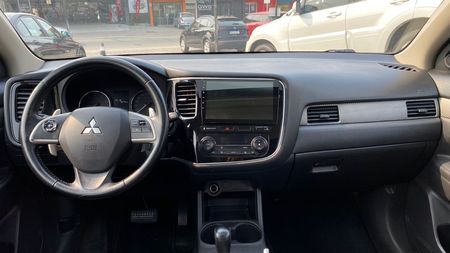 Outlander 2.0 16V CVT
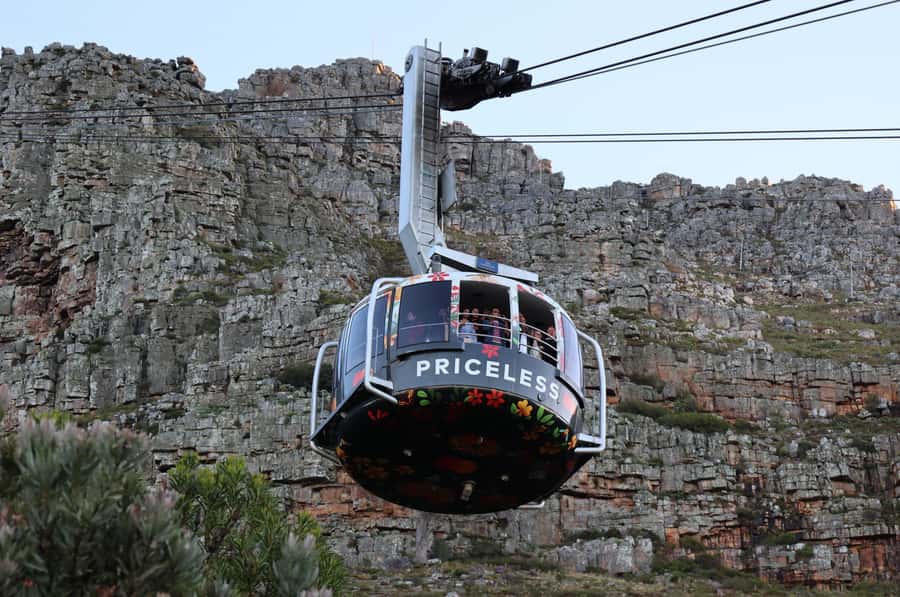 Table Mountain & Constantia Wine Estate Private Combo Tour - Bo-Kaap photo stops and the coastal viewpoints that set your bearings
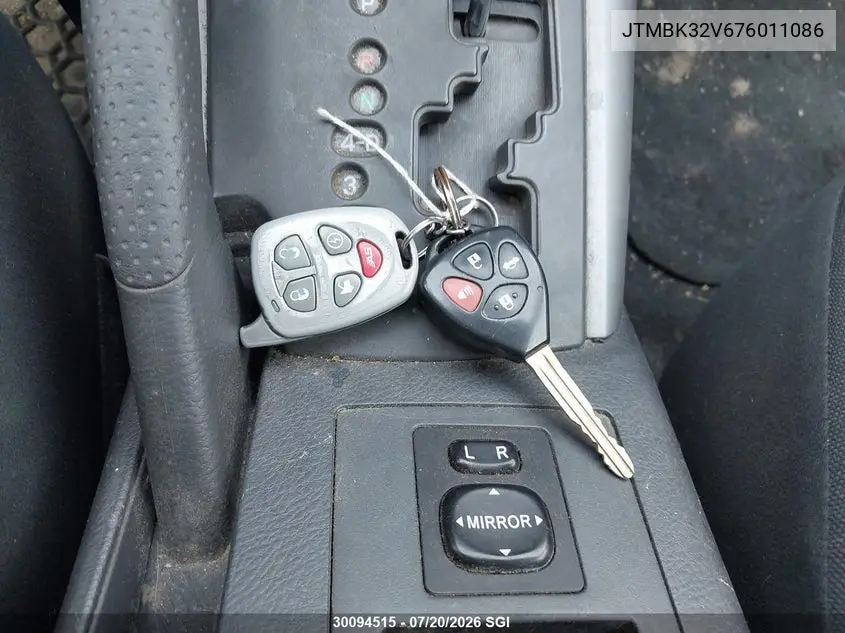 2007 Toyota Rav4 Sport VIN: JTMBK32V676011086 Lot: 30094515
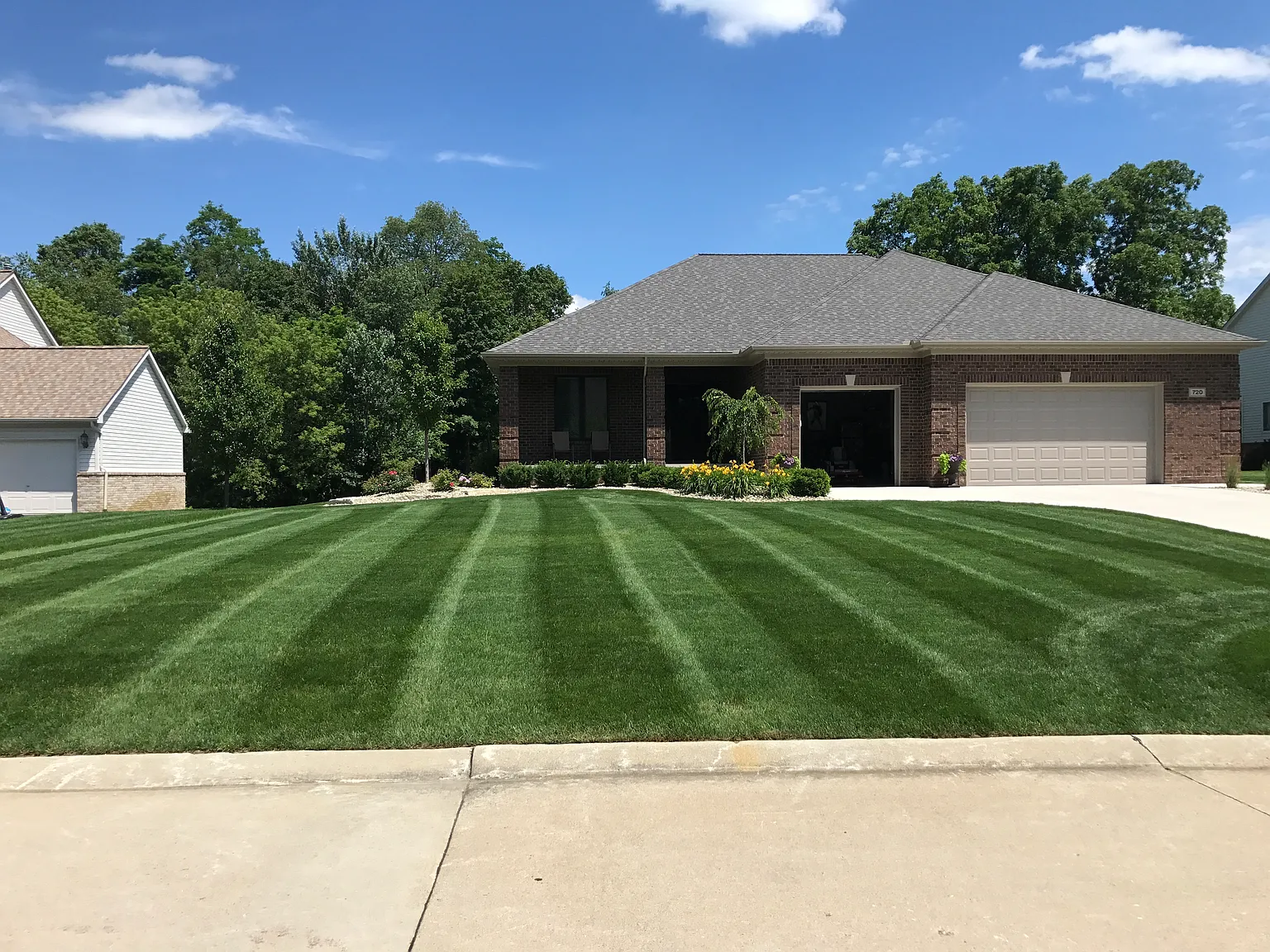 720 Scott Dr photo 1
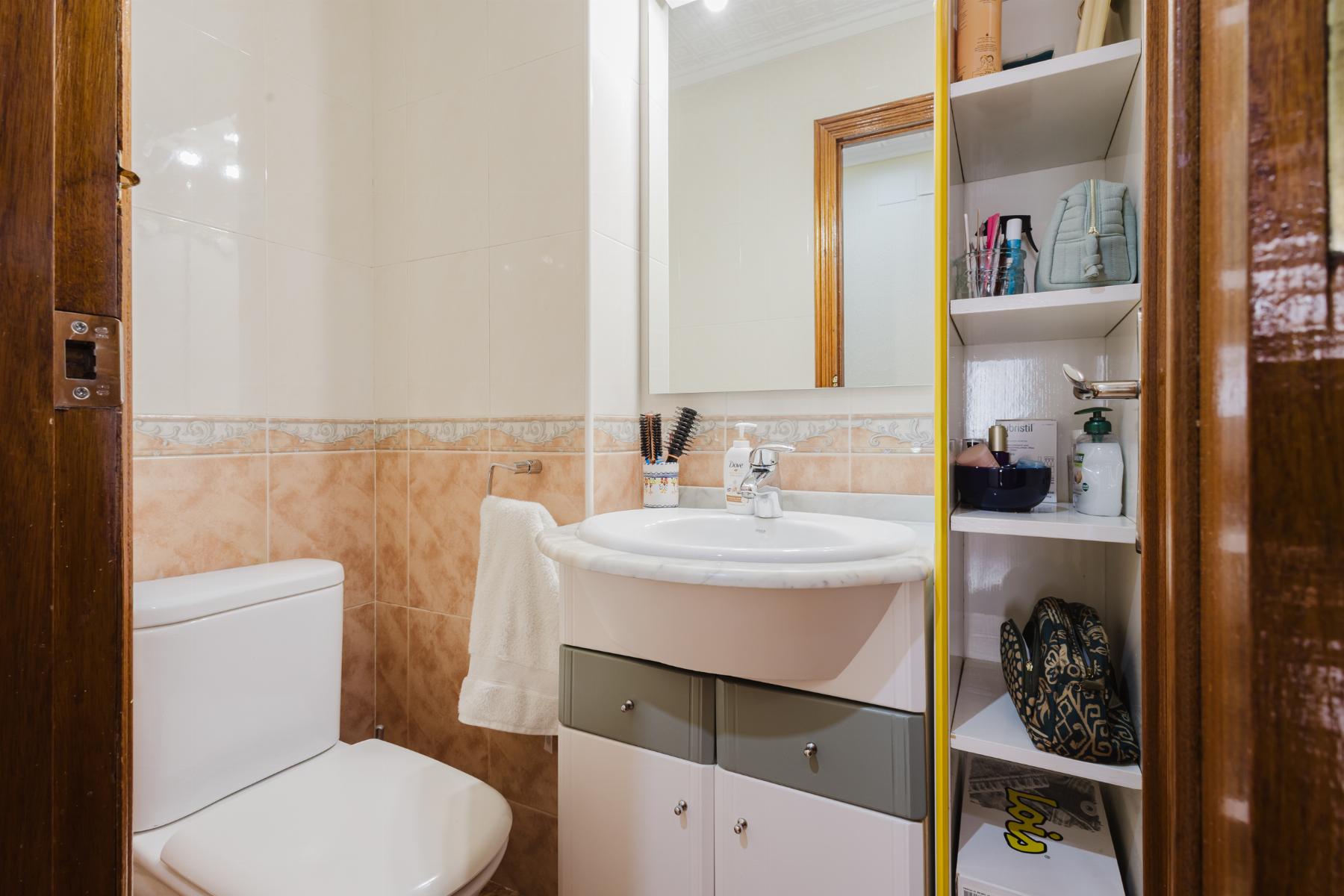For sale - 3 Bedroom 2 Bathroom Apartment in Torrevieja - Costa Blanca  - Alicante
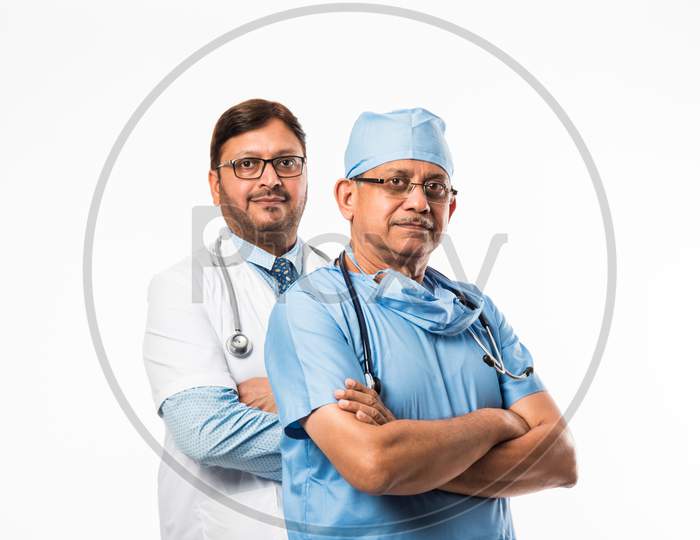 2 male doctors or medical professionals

**WHAT THIS TASK INVOLVES**
Final task for the records above: print exactly the lines from the one that contains "Table Mountain &" through the last line, both ends included, pictures excluded.

**ANSWER TO THIS PROBLEM**
 Table Mountain & Constantia Wine Estate Private Combo Tour - Bo-Kaap photo stops and the coastal viewpoints that set your bearings
 2007 Toyota Rav4 Sport VIN: JTMBK32V676011086 Lot: 30094515
 720 Scott Dr photo 1
For sale - 3 Bedroom 2 Bathroom Apartment in Torrevieja - Costa Blanca  - Alicante
 2 male doctors or medical professionals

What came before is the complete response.